Les relations tissées par Wangrin et le réseau de contacts qu'il établit permettent d'introduire le lecteur dans une société complexe, marquée par des hiérarchies et des traditions séculaires bouleversées par la présence coloniale. Une analyse des rapports entre les principaux personnages du récit permettra d'éclairer à la fois la structure du système colonial, celle de la société africaine traditionnelle, et la rencontre de ces deux structures. Au centre du récit, le personnage de Wangrin incarne par sa double formation et par sa fonction d'interprète la cohabitation parfois conflictuelle de ces deux univers.
[...] Au- delà du ridicule jeté par Wangrin sur Romo et au-delà du conflit qui divisera pendant toute une vie les deux ennemis, on retient le respect mutuel que ces deux hommes ont toujours gardé l'un pour l'autre. Ce respect suggère l'importance de l'honneur dans la société traditionnelle africaine fondée sur un code de noblesse. À la mort de Wangrin, Romo préside la cérémonie funèbre de son ennemi, à qui il rend un hommage chevaleresque dans un discours des plus élogieux : Mon frère Wangrin et moi vécûmes en ennemis acharnés. ( ) Oui, la vie ici-bas est un champ de lutte. Des rivaux s'y affrontent, parfois férocement, mais avec enthousiasme et par désir de gloire. [...]
[...] ( Si l'ensemble du récit s'organise autour de la figure de Wangrin et de ses péripéties, laissant à la plupart de ses alliés et ennemis un rôle purement instrumental, le personnage de Romo Sibedi sera pour le héros l'ennemi de toute une vie. De passage à Yagouwahi où Romo occupe le poste d'interprète du commandant de cercle, Wangrin est accueilli par son concitoyen Romo qui l'héberge dans l'opulence totale. Or, cette générosité, plutôt que d'entraîner la reconnaissance de Wangrin, suscite sa convoitise. [...]
[...] Les relations de Wangrin avec les différents commandants de cercle pour lesquels il a servi s'étendent de l'amitié à la méfiance. Son rapport avec le comte de Villermoz, commandant adjoint à Bandiagara, sera marqué par une hostilité irrévocable dès lors que Wangrin fait porter au comte la responsabilité de la fraude des bœufs devant la cour d'assises de Dakar. Si sa connaissance des traditions africaines lui avaient permis de régler le cas de la succession du roi Brildji, Wangrin montre durant son procès qu'il n'est pas non plus ignorant des coutumes européennes. [...]
[...] Dès son arrivée à Diagaramba, Wangrin commence à tisser un réseau de relations et de contacts.
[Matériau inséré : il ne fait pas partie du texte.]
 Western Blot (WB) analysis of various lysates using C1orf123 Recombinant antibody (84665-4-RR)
Il s'attache d'abord le griot du roi Bouagui, le jeune Kountena, bien introduit dans toutes les grandes familles du pays[3] Avec ses talents extraordinaires de conteur, l'auteur Hampaté Bâ explique par ce personnage la fonction sociale du griot dans la société africaine traditionnelle, sans jamais encombrer le texte d'un ton didactique. On comprend ainsi que le griot se doit d'être à la fois poète et musicien, et que Kountena, malgré ses talents remarquables de chanteur, de conteur et de mime, ne sera jamais qu'un griot de valeur modeste tant qu'il n'apprendra à jouer convenablement de la guitare. [...]
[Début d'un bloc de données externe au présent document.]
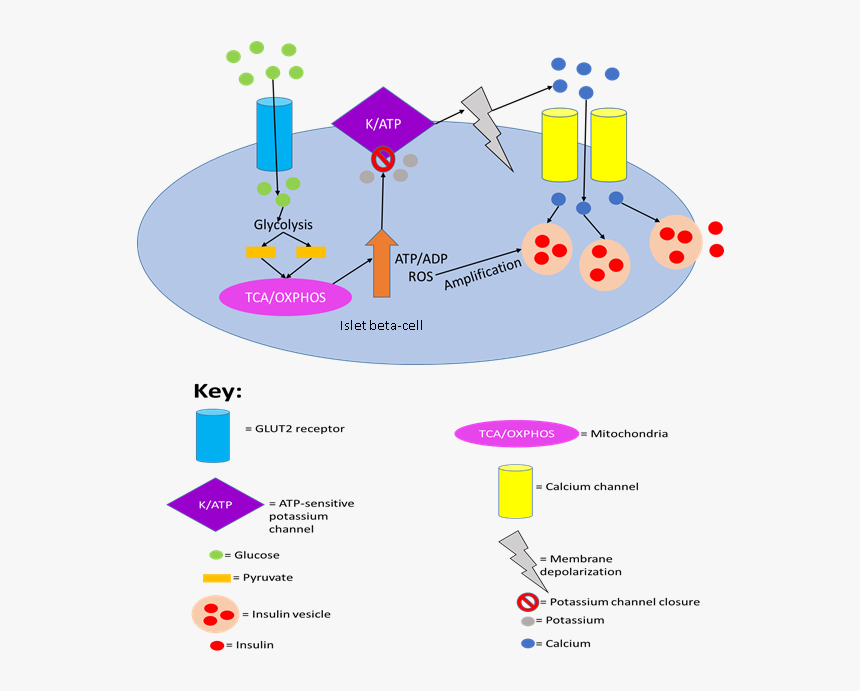 Gsis In Islet Beta-cells - Gsis In Beta Cells, HD Png Download, Free Download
[...] Allah vous bénisse tous![6] Par cet épisode somme toute très bref, on comprend que l'importance du griot dans la société décrite dans L'étrange destin de Wangrin n'a d'égal que le poids de la parole duquel elle dépend. L'importance du mot est telle que le noble doit parler le moins possible puisque revenir sur sa parole équivaudrait à perdre sa noblesse. Pour la même raison, il est impoli de s'adresser directement à un étranger : l'emploi d'un intermédiaire pour s'adresser à quelqu'un apparaît dans ce contexte comme l'actualisation concrète de l'usage de la troisième personne comme forme de respect dans les langues indo-européennes. Kountena est donc le porte-parole de Wangrin. [...]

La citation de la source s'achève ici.